Photographs of Pearl Spa by Angus Porter Photography

Photographs of Pearl Spa by Angus Porter Photography

The treatments appear to be working for her. “I’m 42, but everyone makes fun of me because my skin is so supple,” she says. She also offers a couple of tips for newcomers to Korean spas. “It’s best to use the steam sauna before a scrubbing, because it helps soften your skin the most.” And: “Wear a paper facial masque into the dry rooms. You won’t believe how it helps.”

After some time in the saunas, a soaking in the hot pool and a brave dredge through the cold one, Melody and I are summoned for our treatments by attendants who call us by our locker key numbers and lead us into the main treatment rooms.

I am greeted by a Korean woman who manages to be both friendly and no-nonsense at the same time. She is my “auntie,” and I can’t help but notice that her skin seems to glow. Auntie directs me to lie face down on a bed covered in pink vinyl. The bed is narrow, leaving no room for modesty. I am naked and my auntie is clad only in a black lace bra and panties, which is not as sexy as it might sound.

She douses me with pans of deliciously warm water and speaks very little, though no words are needed to know I’m getting the scrubbing of my life with the abrasive mitts on her hands. She then directs me to take a shower and come back to the pink table, where I’m swaddled in towels, massaged and pummeled in a manner not for sissies, my face covered in gauze and painted with a masque. As finishing touches, the auntie douses me with warm milk — to nourish the skin — and washes my hair, then ties it up tightly in a towel.

Pearl Spa’s website promises “the exfoliating body scrub will remove rolls of dark grey skin, revealing fresh pink skin.” Mercifully, I have not read this before the scrub, noting only the fresh pink after-effects. Melody also marvels that her scrubbing has left her skin feeling soft and renewed. She is glowing like my auntie.

We adjourn to the Clay Room, dutifully tucking and rolling and then lying on the small clay balls.

The Himalayan Salt Room is lined in rosy pink salt slabs.

The Himalayan Salt Room is lined in rosy pink salt slabs.
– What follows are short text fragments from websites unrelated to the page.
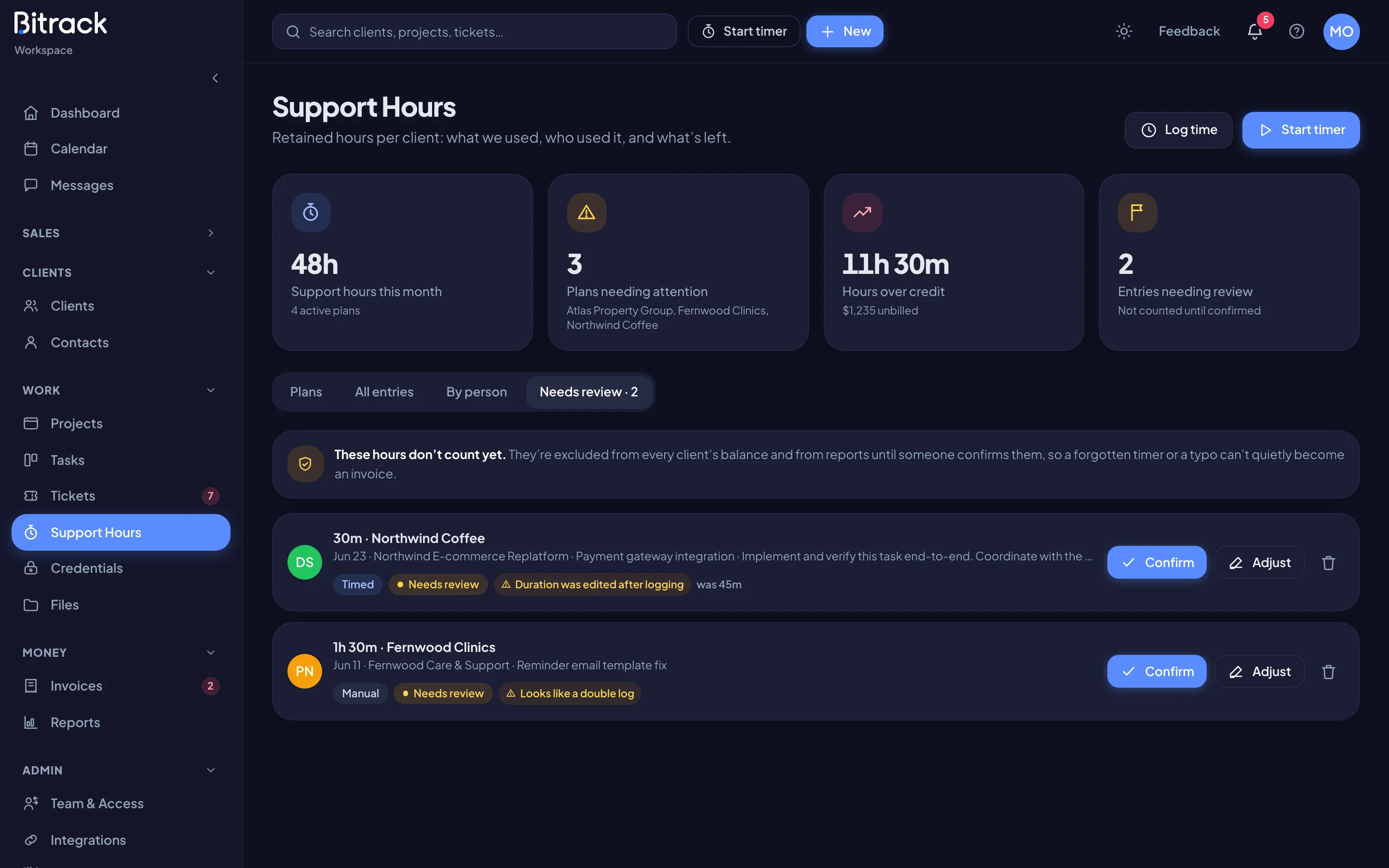 The Needs review tab with flagged entries and their reasons (dark mode)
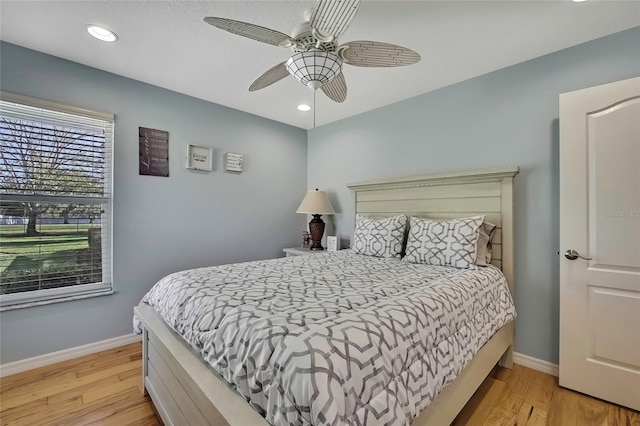 bedroom featuring ceiling fan and light wood-type flooring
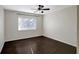 This bedroom features sleek wood floors, a ceiling fan, and bright natural light from the window at 3206 W Azeele St # 126, Tampa, FL 33609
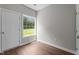 Bright bedroom features a window with a view and wood-look flooring at 236 Katie Dr, Rocky Mount, NC 27803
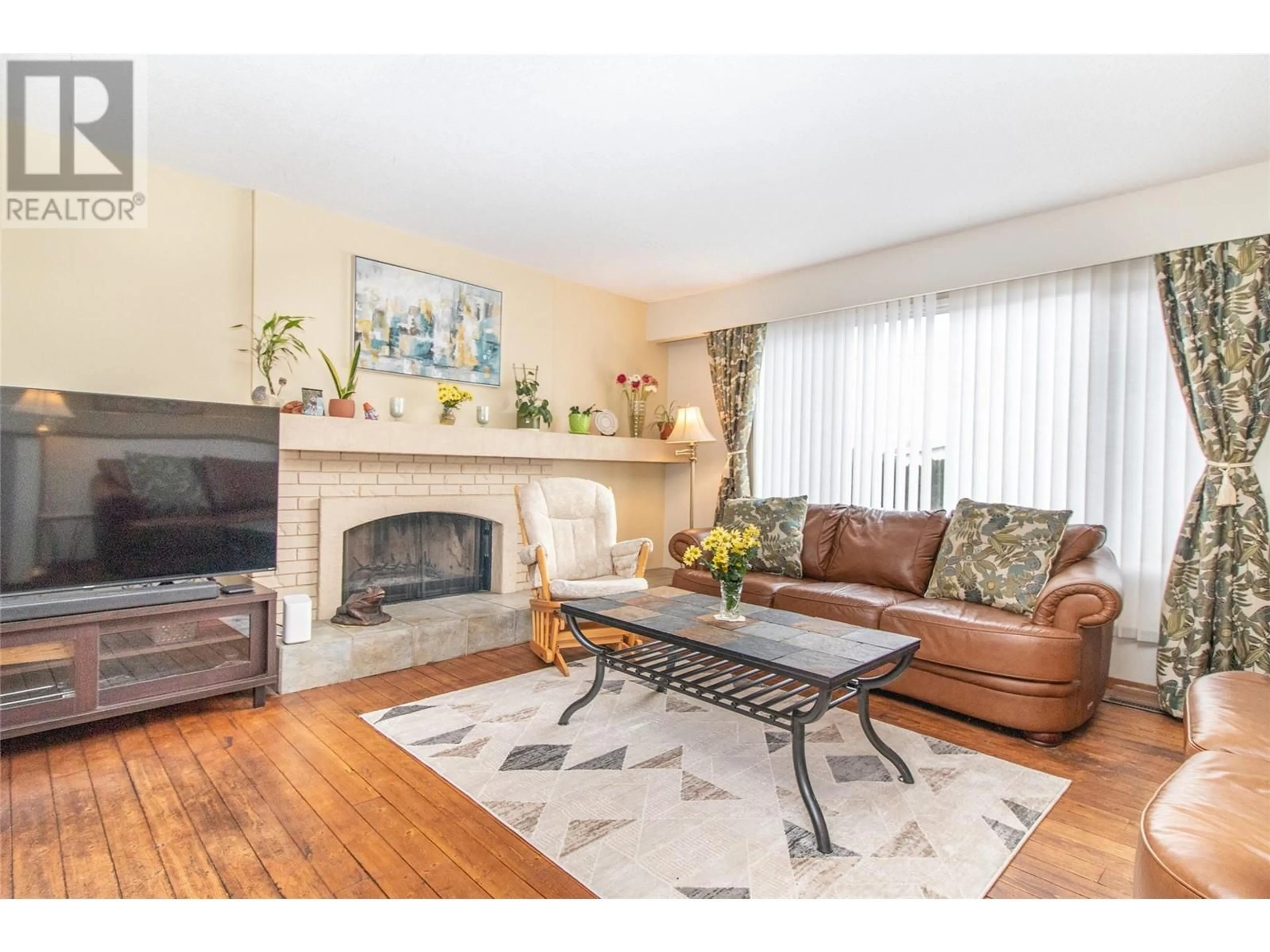 Living room, wood floors for 4306 Gordon Drive, Kelowna British Columbia V1W2L3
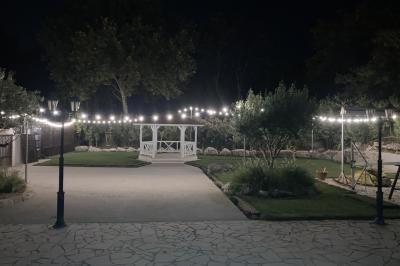 Allée pavée éclairée par des guirlandes lumineuses, menant à une pergola blanche dans un jardin nocturne.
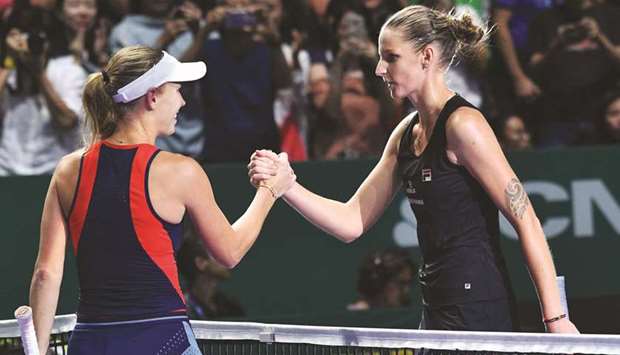 Czech Republicu2019s Karolina Pliskova (right) shakes hands with Denmarku2019s Caroline Wozniacki after winning their WTA Finals singles match in Singapore yesterday. (AFP)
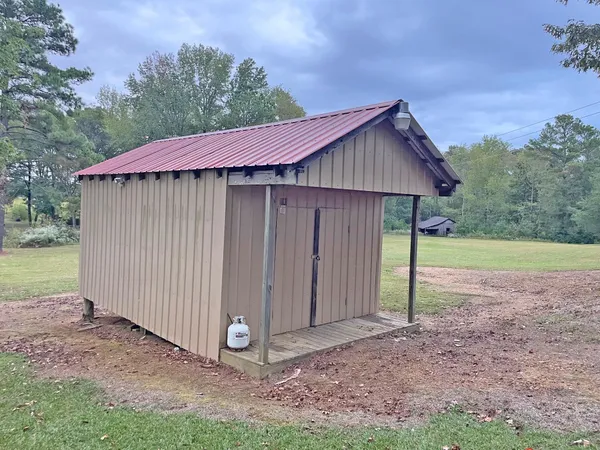 a backyard of a house with lots of green space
And finally we venture into the Salt Room. We have been in there for a while — talking softly, despite the spa signs instructing “Keep Silence Please,” about topics ranging from politics to UFOs to why some husbands don’t want to travel. I’m about to signal that the heat in the room is getting to me, toxins flushed or not, when Tracy mystically appears with cold wet towels for our heads.
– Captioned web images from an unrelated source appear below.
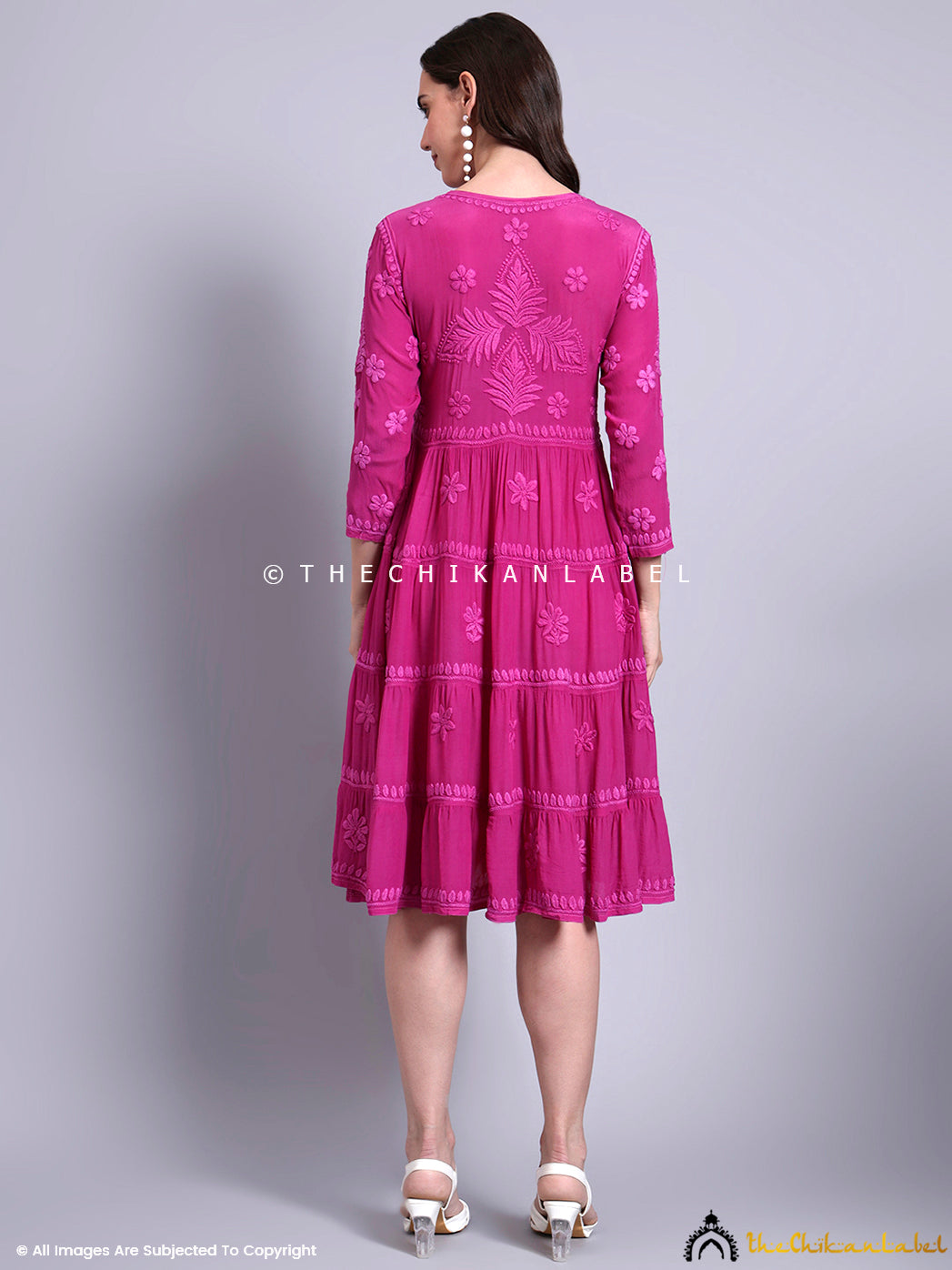 Model showcasing traditional chikankari work on crepe tunic gown paired with elegant heels.

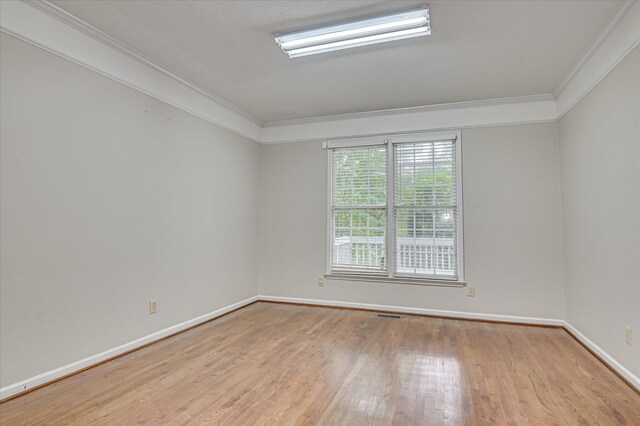 3696 El Cordero Ranch Springs Rd, Augusta, GA 30907 - spare room with crown molding, wood finished floors, and baseboards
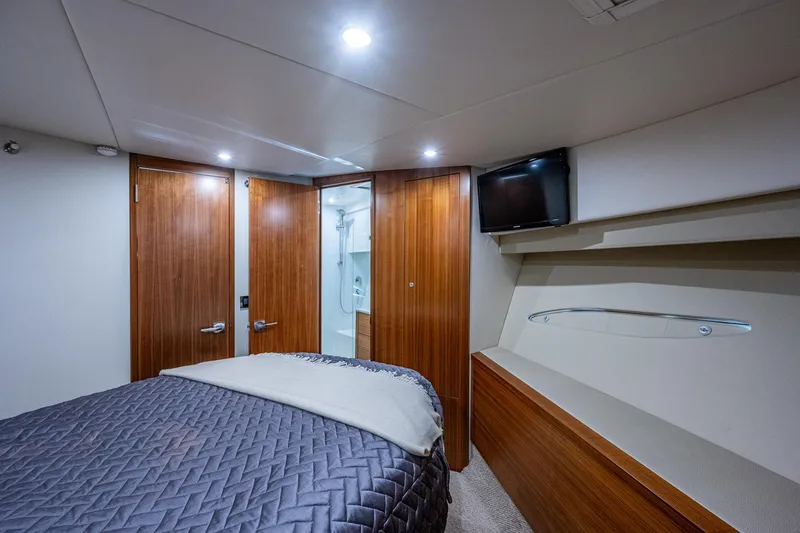 Ciento Siete Yacht Photos Pics Luxurious bedroom interior of 2020 Maritimo X50 yacht with ensuite bathroom.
Pearl spa-goers are limited to four-hour stays, and Melody had earlier been disappointed by that.

“That time will just zip by,” she lamented.

I told her that’s crazy: “Have you ever stayed at a spa longer than that?”

Turns out, I’m the one who’s daft. After steaming, saunaing, dipping, being scrubbed and pummeled and absorbing the benefits of the clay and salt rooms, we’ve worn out our welcome. It’s been nearly five hours.

Before we reluctantly leave, we make appointments to come back again, noting that a gift certificate to Pearl would make a lovely gift for any female valentine — even if she doesn’t have any rolls of dark grey skin.

Pearl Spa & Sauna is located at 1656 Post Street in Japantown.